What you produce should be every line from the data that includes "White".

================

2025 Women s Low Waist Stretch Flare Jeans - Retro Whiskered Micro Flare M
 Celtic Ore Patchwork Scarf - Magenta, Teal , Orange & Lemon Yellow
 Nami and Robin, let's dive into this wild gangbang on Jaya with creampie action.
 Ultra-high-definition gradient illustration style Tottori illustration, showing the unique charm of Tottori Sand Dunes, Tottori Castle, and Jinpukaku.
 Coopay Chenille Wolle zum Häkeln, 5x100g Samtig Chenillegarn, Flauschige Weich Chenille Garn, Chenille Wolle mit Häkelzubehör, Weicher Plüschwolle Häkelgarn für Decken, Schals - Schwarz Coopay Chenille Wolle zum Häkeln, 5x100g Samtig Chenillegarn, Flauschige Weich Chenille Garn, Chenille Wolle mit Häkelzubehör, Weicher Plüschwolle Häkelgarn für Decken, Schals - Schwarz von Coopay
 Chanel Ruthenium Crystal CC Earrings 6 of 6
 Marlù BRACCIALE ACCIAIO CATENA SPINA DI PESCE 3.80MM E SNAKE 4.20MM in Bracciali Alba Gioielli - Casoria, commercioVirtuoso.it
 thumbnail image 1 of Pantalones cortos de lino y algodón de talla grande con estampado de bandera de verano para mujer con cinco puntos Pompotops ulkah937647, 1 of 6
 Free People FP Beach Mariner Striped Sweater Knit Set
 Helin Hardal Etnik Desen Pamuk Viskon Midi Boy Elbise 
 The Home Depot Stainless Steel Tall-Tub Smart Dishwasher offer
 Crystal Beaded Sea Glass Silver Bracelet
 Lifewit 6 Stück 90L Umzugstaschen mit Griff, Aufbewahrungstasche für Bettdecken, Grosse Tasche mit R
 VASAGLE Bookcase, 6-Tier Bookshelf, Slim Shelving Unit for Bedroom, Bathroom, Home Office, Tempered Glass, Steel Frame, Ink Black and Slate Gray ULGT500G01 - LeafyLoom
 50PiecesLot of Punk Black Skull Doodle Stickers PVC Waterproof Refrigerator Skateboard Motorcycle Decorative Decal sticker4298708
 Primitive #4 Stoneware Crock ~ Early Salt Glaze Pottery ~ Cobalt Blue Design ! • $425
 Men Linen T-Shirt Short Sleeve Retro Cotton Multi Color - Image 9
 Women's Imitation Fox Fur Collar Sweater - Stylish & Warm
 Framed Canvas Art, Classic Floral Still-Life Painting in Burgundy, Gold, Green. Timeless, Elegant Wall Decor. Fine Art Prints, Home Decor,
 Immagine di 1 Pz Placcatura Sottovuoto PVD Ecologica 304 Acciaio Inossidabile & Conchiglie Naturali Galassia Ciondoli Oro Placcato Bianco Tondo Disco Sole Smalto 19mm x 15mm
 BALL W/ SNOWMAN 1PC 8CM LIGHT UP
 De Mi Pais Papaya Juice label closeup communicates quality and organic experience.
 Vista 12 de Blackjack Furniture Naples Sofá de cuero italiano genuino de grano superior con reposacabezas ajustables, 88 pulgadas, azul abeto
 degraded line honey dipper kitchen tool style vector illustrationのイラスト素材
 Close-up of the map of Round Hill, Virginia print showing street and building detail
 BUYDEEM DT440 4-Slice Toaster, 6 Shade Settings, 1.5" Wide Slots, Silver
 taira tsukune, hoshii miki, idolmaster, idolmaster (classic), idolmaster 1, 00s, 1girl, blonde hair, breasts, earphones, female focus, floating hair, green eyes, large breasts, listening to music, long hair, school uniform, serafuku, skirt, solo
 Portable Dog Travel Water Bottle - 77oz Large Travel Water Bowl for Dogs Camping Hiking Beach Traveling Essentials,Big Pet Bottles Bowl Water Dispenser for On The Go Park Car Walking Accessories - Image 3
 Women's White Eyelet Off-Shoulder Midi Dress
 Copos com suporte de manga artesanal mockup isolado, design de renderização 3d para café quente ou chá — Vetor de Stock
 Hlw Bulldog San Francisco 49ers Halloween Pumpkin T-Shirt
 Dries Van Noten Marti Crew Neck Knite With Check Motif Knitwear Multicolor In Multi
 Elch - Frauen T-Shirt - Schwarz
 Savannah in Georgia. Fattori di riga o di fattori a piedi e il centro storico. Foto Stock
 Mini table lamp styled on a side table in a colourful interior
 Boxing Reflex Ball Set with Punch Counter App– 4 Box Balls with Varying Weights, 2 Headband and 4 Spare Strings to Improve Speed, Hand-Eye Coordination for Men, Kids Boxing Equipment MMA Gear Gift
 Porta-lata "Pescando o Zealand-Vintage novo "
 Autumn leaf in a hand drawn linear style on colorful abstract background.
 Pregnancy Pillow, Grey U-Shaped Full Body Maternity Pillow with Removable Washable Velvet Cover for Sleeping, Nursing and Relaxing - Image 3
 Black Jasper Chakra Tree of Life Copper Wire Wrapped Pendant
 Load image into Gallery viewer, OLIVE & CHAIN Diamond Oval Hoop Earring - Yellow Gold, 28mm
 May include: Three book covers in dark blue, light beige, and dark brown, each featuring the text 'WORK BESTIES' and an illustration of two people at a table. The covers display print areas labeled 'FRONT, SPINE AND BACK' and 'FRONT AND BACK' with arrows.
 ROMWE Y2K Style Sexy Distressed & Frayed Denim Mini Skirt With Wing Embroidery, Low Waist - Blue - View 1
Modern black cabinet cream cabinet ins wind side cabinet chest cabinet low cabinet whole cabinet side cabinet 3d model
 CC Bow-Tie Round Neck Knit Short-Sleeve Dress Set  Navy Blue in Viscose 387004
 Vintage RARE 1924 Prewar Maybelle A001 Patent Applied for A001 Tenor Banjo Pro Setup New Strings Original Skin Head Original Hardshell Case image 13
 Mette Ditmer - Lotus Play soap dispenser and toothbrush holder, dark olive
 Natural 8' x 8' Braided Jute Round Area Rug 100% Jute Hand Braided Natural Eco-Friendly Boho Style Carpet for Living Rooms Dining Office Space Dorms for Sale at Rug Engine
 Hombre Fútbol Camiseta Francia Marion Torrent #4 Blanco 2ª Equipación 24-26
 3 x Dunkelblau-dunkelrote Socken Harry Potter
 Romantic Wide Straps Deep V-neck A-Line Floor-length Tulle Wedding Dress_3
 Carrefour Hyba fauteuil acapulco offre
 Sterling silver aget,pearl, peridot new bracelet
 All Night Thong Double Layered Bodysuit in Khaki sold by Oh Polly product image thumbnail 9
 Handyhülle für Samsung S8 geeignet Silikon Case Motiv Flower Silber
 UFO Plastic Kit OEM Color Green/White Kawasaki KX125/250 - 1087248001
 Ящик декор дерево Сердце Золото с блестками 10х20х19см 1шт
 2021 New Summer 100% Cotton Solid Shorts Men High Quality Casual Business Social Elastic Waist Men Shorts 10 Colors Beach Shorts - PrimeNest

================

(TASK ANSWER):
 Women's White Eyelet Off-Shoulder Midi Dress
 UFO Plastic Kit OEM Color Green/White Kawasaki KX125/250 - 1087248001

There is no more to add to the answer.